The Haggerty family has lived in West Huntingdon for 140 years. Jim Haggerty and his wife Diane live in the stone house Jim grew up in which his ancestors built. The Haggertys used to be dairy farmers but now Jim and his son Scott make small bales of high-quality hay for horses from alfalfa and timothy. They ship a third of their hay to Florida. They switched from dairy farming four years ago as they decided there wasn’t much future in dairy farming for them.
The Haggerty family is a very musical. Jim and Diane are well known locally, and Scott a.k.a Freddy Vette is known across the province for his fifties style rock and roll band “Freddy Vette and the Flames”.
Jim points out the importance of good music teachers in school. Well-known local music teacher Betty Watson taught Scott in the Stirling schools and he had good teachers at Centre Hastings Secondary School in Madoc.
When asked when he got interested in music Jim said he and his wife Diane started playing and singing at community events after they were married.
“We were all influenced of the Beatles,” said Jim. “Everyone wanted to play the guitar.”
Keeping with the entertainment theme, the Haggerty family start a corn maze seven years ago in the fields around the old West Huntingdon Cheese Manufacturing Ltd cheese factory. The little factory was rebuild after a fire in 1916. It was closed in 1955 and reverted to the Haggerty family. Now, it is one of the few early cheese factories left in Hastings County.
“We went by seat of our pants but it worked,” said Jim. “After the first year we looked into it more.”
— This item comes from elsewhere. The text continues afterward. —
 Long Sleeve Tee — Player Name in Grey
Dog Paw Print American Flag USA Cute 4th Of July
Now, they only do the haunted maze over Halloween They have around 25 people doing things to scare people, such as making noise with an electric drill. Their son-in-law Chris Lilly, Amy’s husband, is a horror movie expert and good at thinking up new ideas.
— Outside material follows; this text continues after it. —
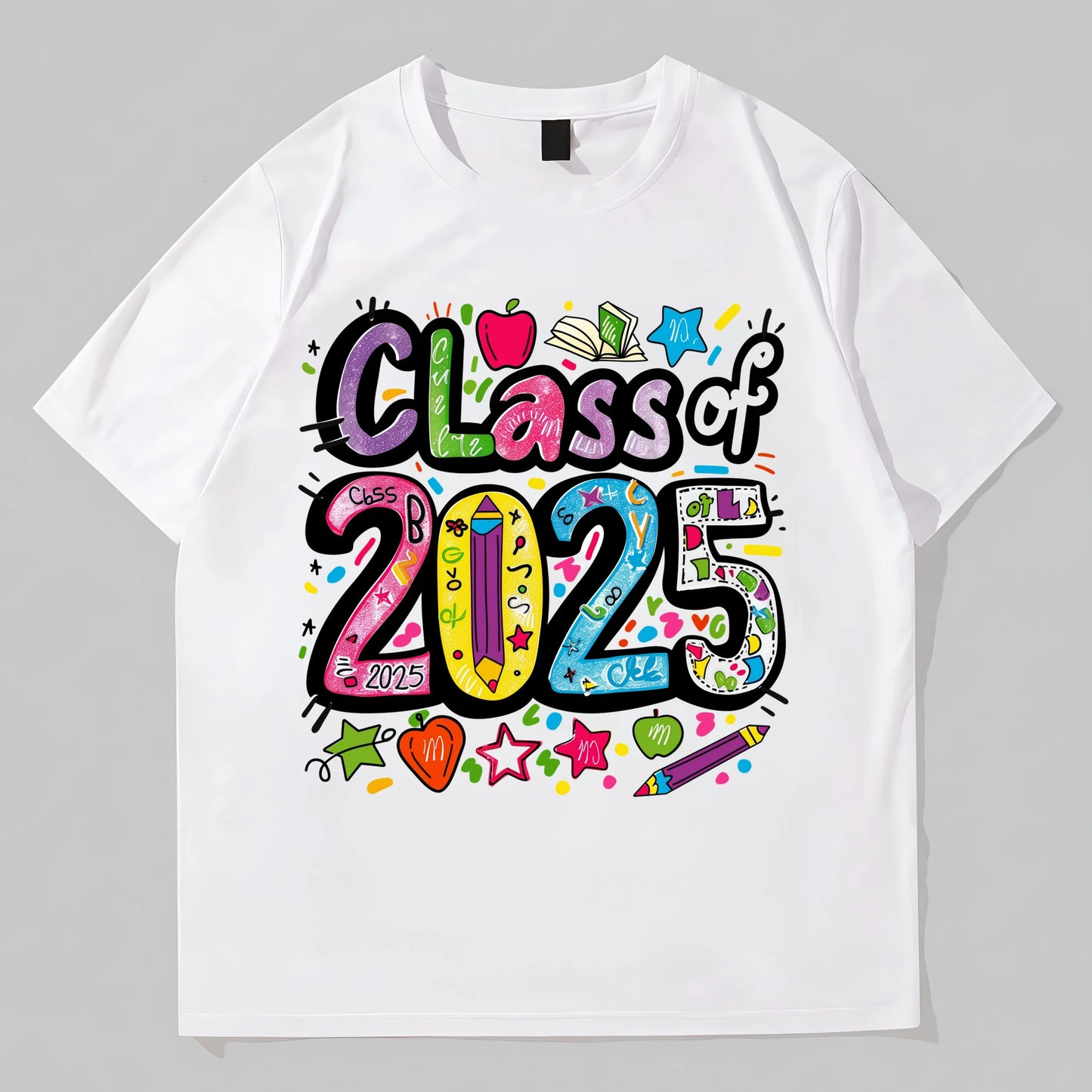 White T-Shirt with Colorful Class of 2025 Print for Graduation Events Trendy Tees For Men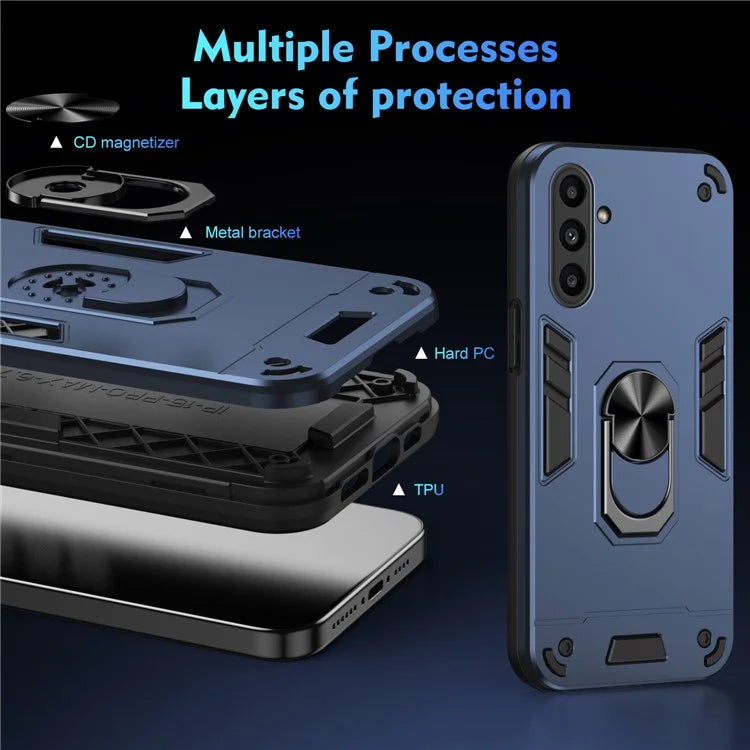 For Samsung Galaxy A14 5G / A14 4G Case Scratch-proof PC+TPU Phone Cover with Rotating Ring Kickstand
They can get up to 600 people a night and total around 3,500 come over three weekends
“I went through,” said Jim. “It is scary, but fun. I couldn’t stop laughing.”
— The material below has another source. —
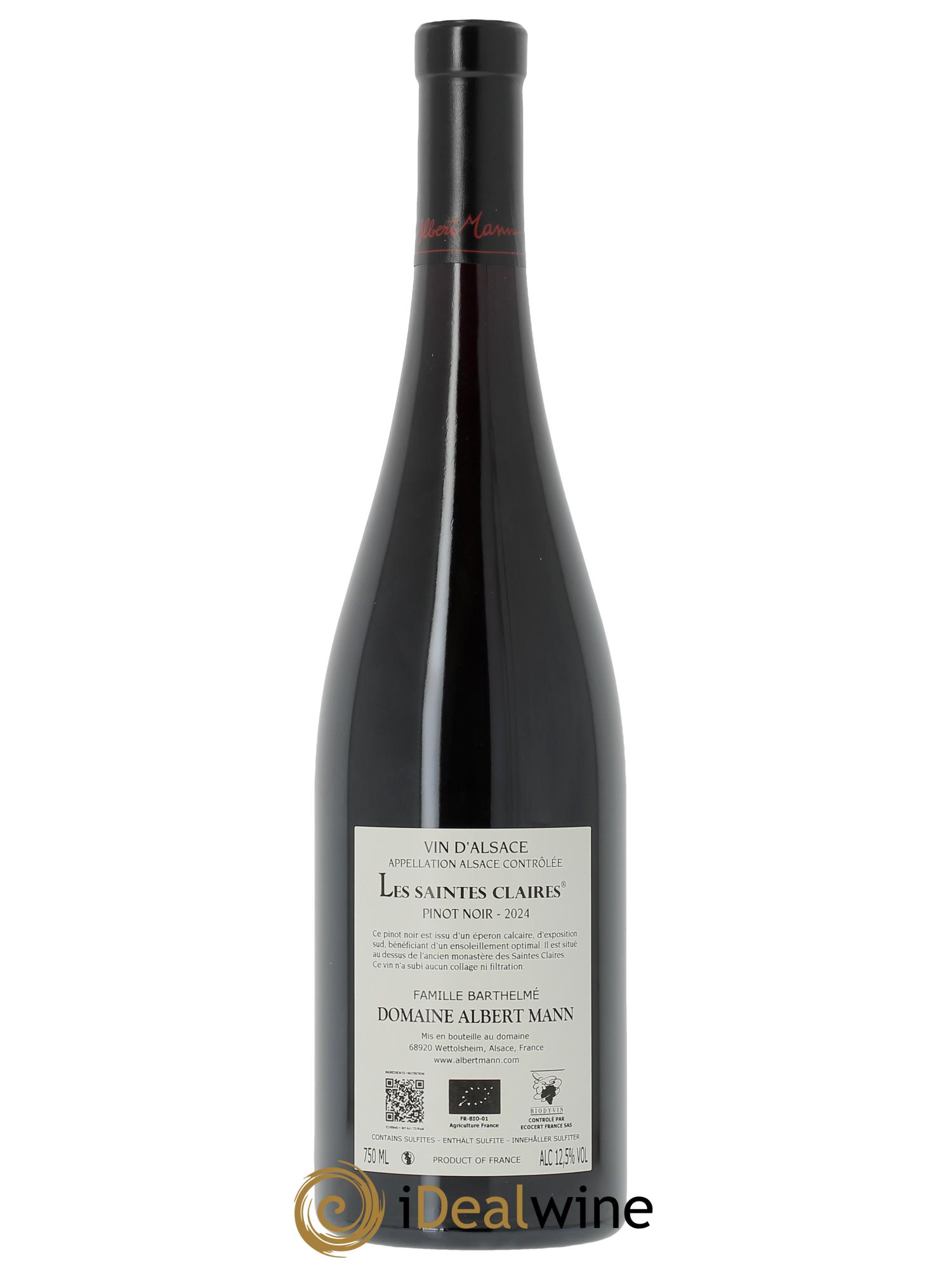 Alsace Pinot Noir Les Saintes Claires Albert Mann  2024 - Lot de 1 bouteille - 1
The stone house they live in was built in 1867 by James Haggerty. Apparently, stonemasons would over from Scotland and Ireland every summer to build houses. West Huntingdon has several stone farm houses, a stone schoolhouse, and a small stone church.
James Haggerty, born 1793, came to Ontario with his wife Anne Morley and seven children, from County Cork, Ireland in 1827. His elder brother William was one of the settlers Peter Robinson brought over to Peterborough a bit earlier.
James and his brother John came in 1827 and settled in West Huntingdon on Concession 4, Lots 3, and 2. James got the deeds for the farm to Concession 4 Lot 3 in 1837. He had been a farmer, flax grower and weaver in the Parish of Kilmeen. The Irish weaving industry declined in the early nineteenth century and he had to give up the tenancy to his farm. It is not know whether he tried to grow flax in West Huntingdon, although flax was certainly grown in Northumberland.
The Haggerty family has always been active in the community for example as town constable, councillor, reeve, and teacher. Jim has coordinated publicity for the Hastings County Farm Show and Plowing Match for many years.
There is more information about the history of West Huntingdon in Ghost Towns of Ontario
Jim and Scott Haggerty make high-quality hay for horses from timothy grass and alfalfa. They will deliver hay to you and can ship it as far a field as Florida. They don’t have to lift the bales manually and can load them in groups of 12.